Smoking must be stopped for real benefits. If you use herbal remedies for acid reflux and you don’t stop using tobacco products, you may still have acid reflux and you’re still at risk of developing esophageal cancer. The major risk factors include acid reflux, smoking and alcoholism.
Reduce or eliminate alcohol consumption. Alcohol increases stomach acid. Prescription and natural remedies for acid reflux are geared towards reducing or preventing excess stomach acid. It doesn’t make sense to continue to drink alcohol when you’ve been diagnosed with acid reflux.

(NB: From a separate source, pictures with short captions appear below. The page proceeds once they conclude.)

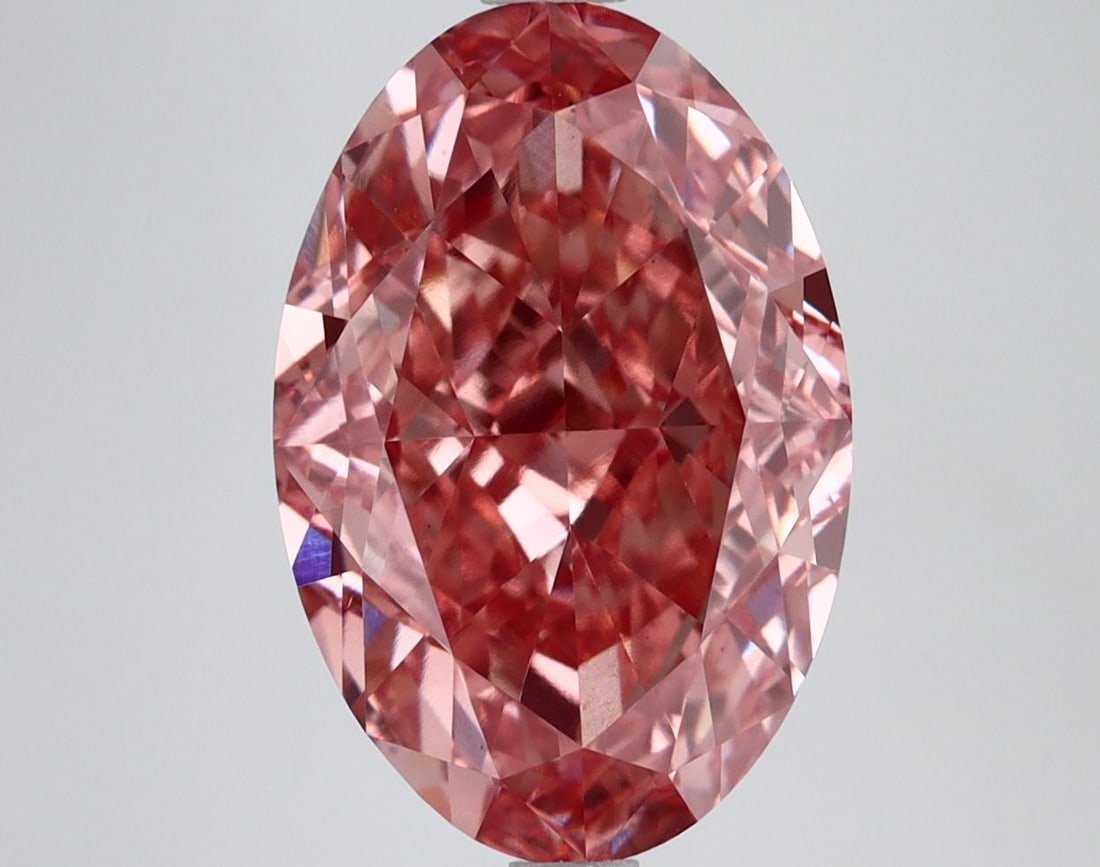 Loose Diamond - OVAL 5.42ct Fancy Vivid Brownish Pink VS1: Loose Diamond - OVAL 5.42ct Fancy Vivid Brownish Pink VS1 Source: This is a real non-mined Diamond that has been grown in a lab Shape: OVAL Carats: 5.42 Color: Fancy Vivid Brownish Pink Certification:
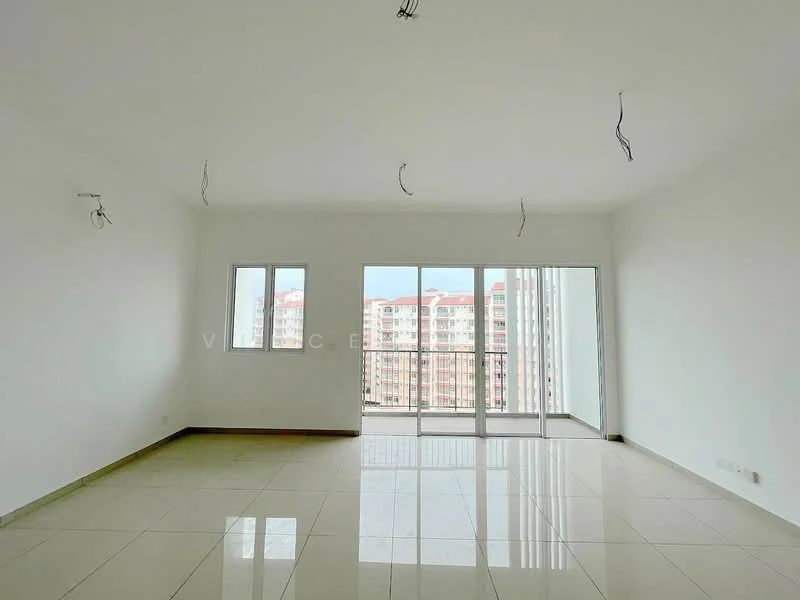 Living features: white painted walls, polished ceramic tile flooring, floor-to-ceiling windows, sliding glass door, city view, recessed downlights, multiple ceiling wires for lighting; style: modern; view: city.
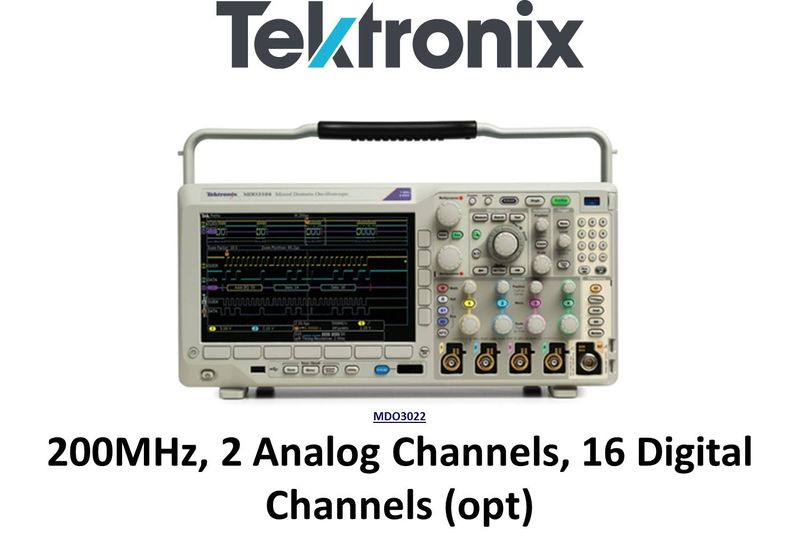 MDO3022 Mixed Domain Oscilloscope, 200MHz, 2 Analog & 16 Digital (optional) Channels, TFD LCD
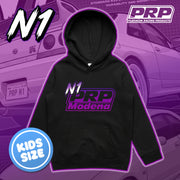 Black hoodie with PRP Modena logo on a purple background with car graphics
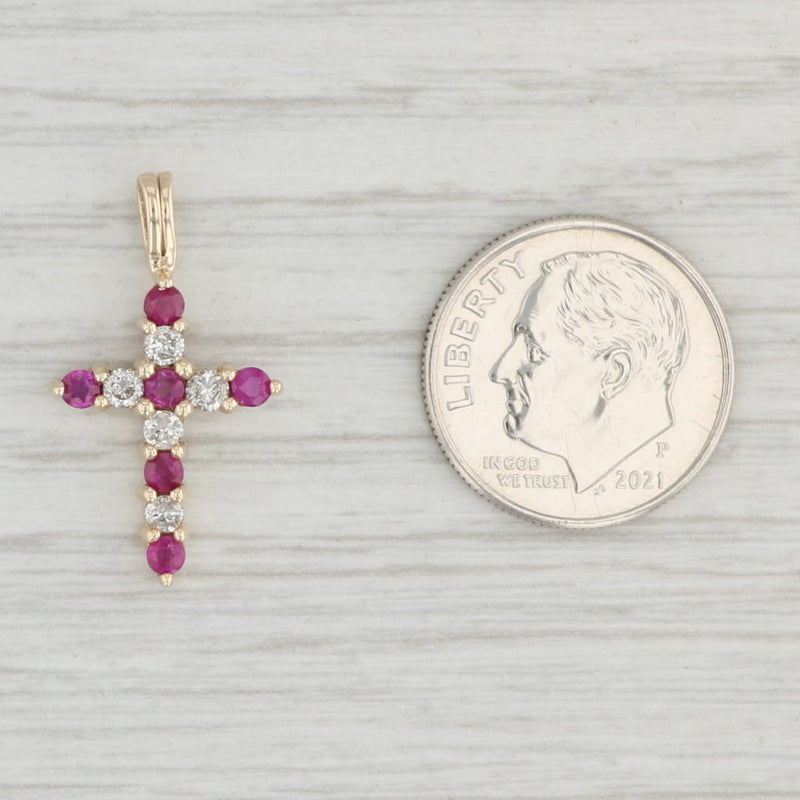0.55ctw Ruby Diamond Cross Pendant 10k Yellow Gold July Birthstone Religious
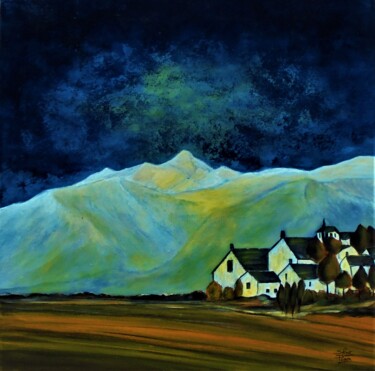 Painting titled "entre champs et mon…" by Sylvie Pinon, Original Artwork, Acrylic Mounted on Wood Stretcher frame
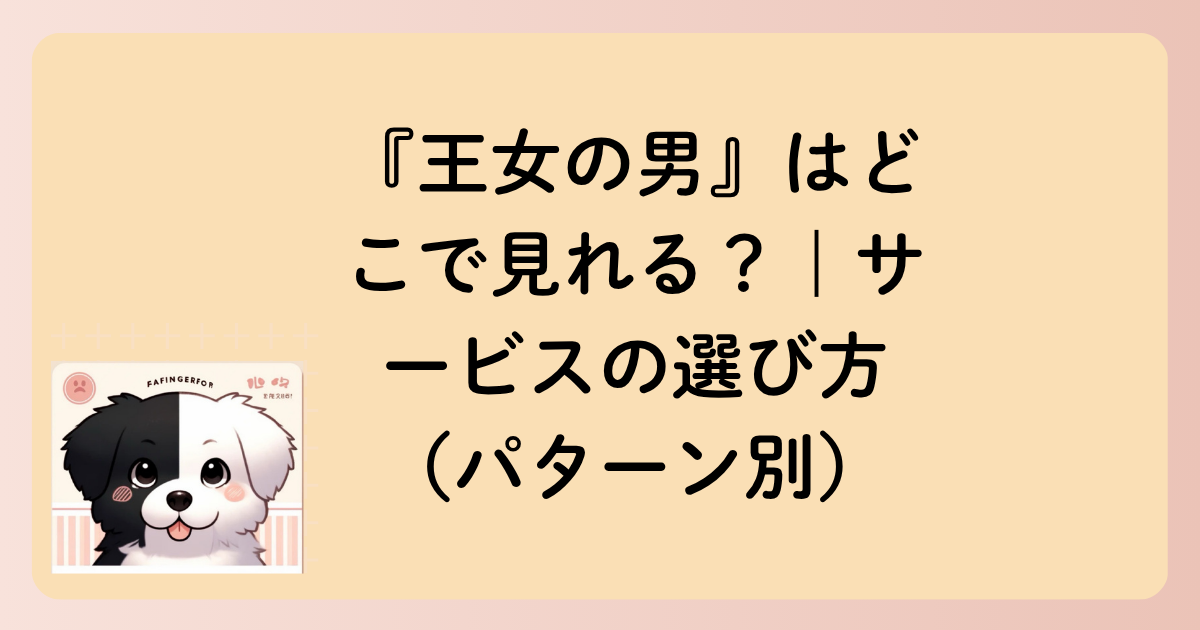『王女の男』はどこで見れる？｜サービスの選び方（パターン別）の文字イラスト
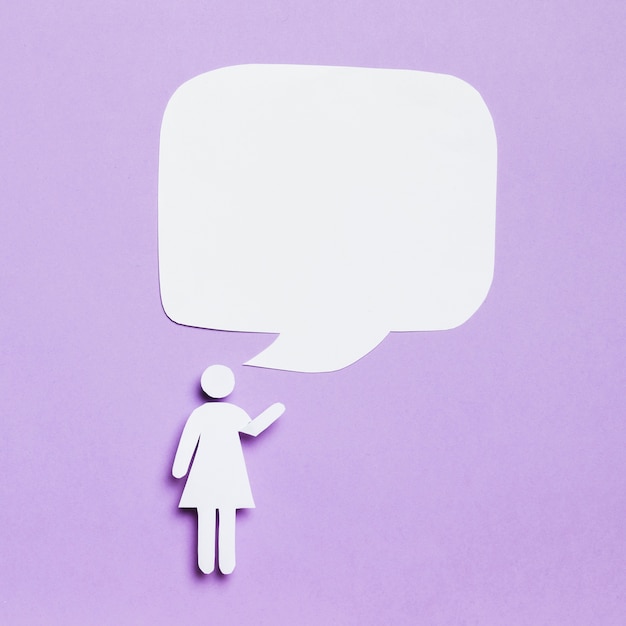 Cartoon woman with text blank speech bubble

If you normally eat a large meal late in the evening, less than three hours before bedtime, then you’re more likely to suffer from nighttime heartburn or other acid reflux symptoms like coughing. This is because acid is traveling up out of the stomach and into the throat. Raising the head of the bed will help acid reflux symptoms that occur at night. Gravity helps keep the acid in the stomach, but eating your last meal earlier and making it a smaller meal may prevent nighttime acid reflux altogether.
Weight loss should be mentioned as one of the natural cures for acid reflux. Overweight and obese people are much more likely to suffer from acid reflux, including nighttime acid reflux. Using herbal remedies for acid reflux control and making no effort to lose the extra pounds will be disappointing. Using prescription and/or natural remedies for acid reflux while you’re trying to lose weight makes sense. Avoiding fried and fatty foods. If you avoid these and eat several small meals during the day then you may naturally lose weight and naturally cure acid reflux. Eating several small meals every couple of hours is much better for you and is often recommended by diet doctors, because it increases your metabolism and keeps blood sugar levels stable, so you don’t feel sleepy after a meal.